## Task statement
Beginning with the line that has "1st Birthday Dino" and ending with the line that has "Royal Blue Cotton", retype the entries below exactly, except for the pictures.

#### Given records

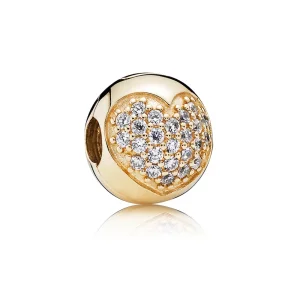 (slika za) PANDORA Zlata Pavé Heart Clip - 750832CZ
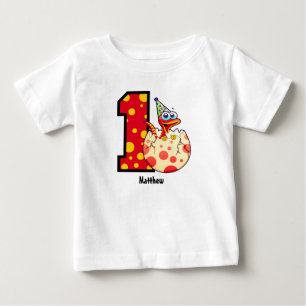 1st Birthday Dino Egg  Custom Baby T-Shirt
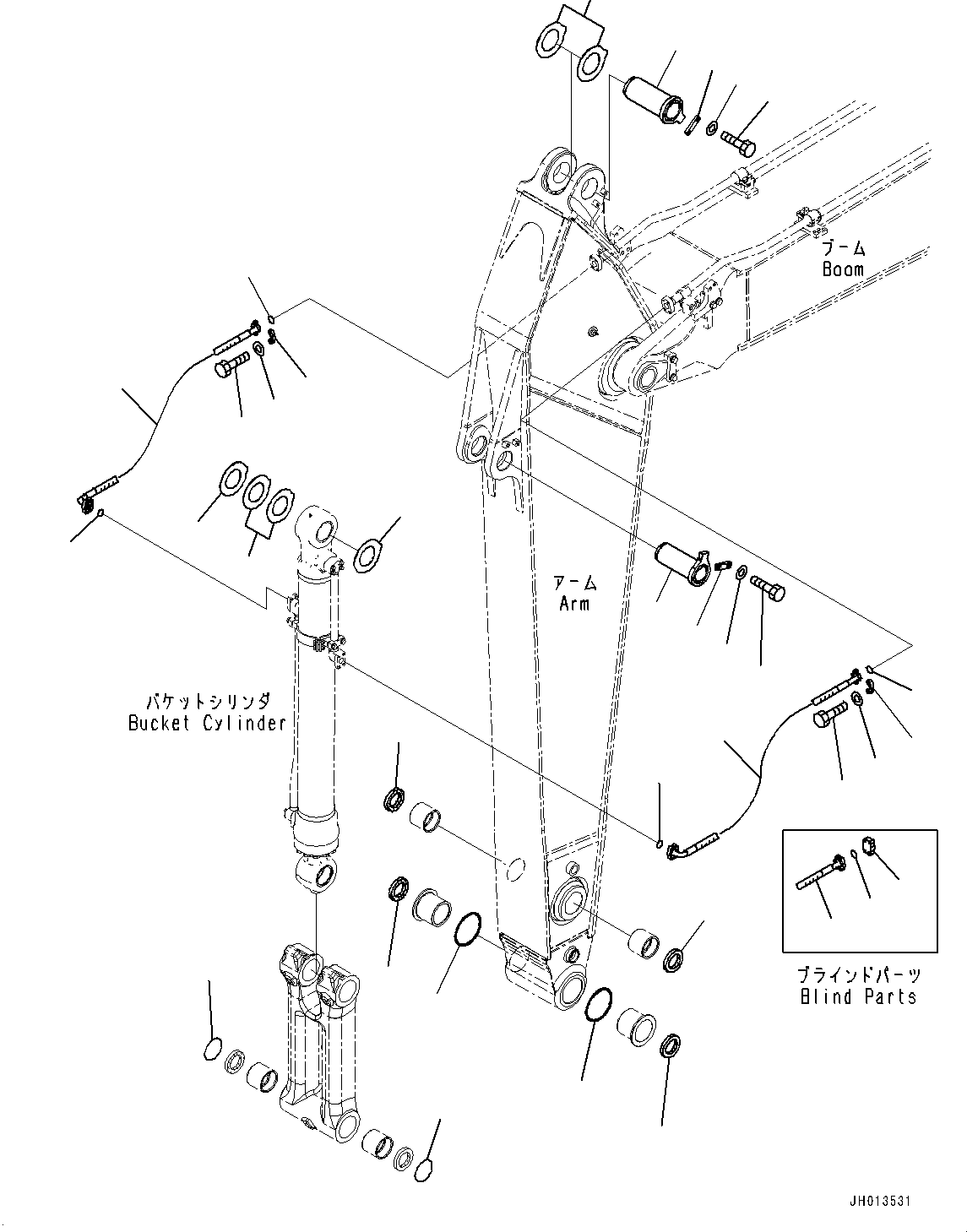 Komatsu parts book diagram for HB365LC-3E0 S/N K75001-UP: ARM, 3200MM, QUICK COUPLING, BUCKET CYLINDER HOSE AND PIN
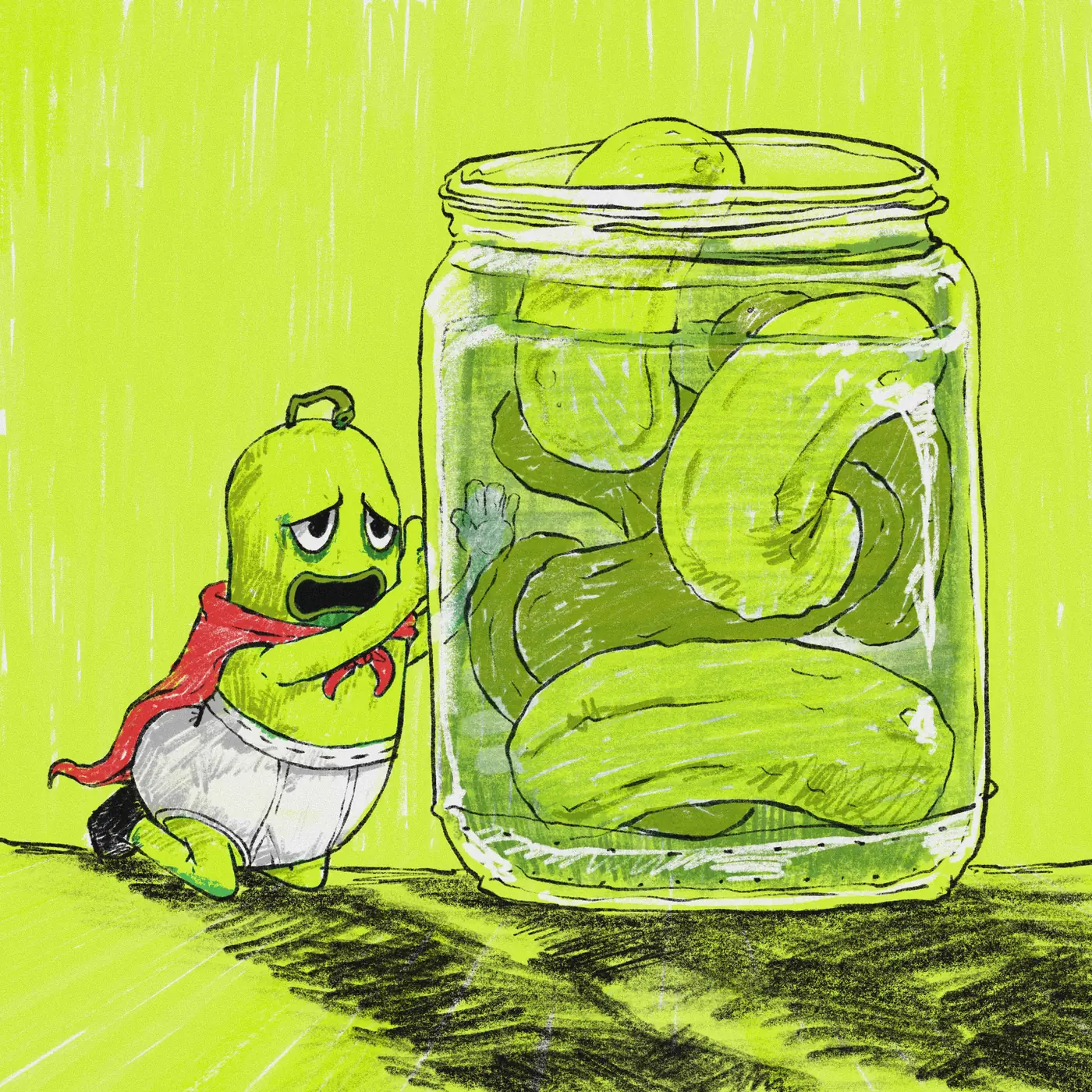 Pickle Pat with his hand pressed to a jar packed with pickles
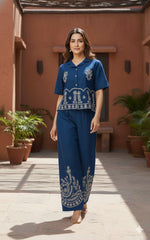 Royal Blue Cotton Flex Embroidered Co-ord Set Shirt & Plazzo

########
#### Given records

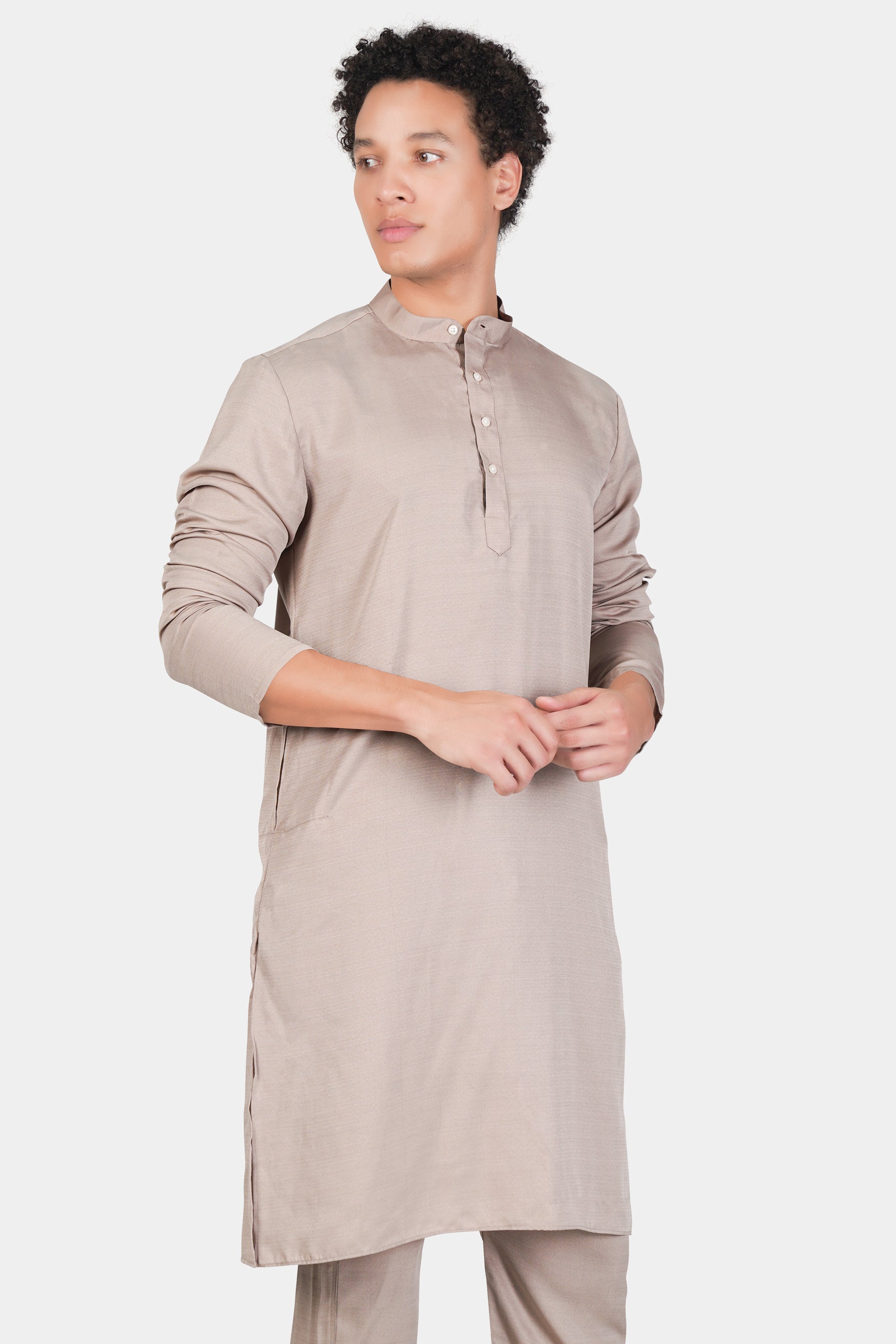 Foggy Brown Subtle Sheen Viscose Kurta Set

########
#### Given records

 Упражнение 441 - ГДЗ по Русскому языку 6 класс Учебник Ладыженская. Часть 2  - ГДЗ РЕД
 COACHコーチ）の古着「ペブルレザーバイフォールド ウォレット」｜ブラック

########

## Task response
 1st Birthday Dino Egg  Custom Baby T-Shirt
 Komatsu parts book diagram for HB365LC-3E0 S/N K75001-UP: ARM, 3200MM, QUICK COUPLING, BUCKET CYLINDER HOSE AND PIN
 Pickle Pat with his hand pressed to a jar packed with pickles
 Royal Blue Cotton Flex Embroidered Co-ord Set Shirt & Plazzo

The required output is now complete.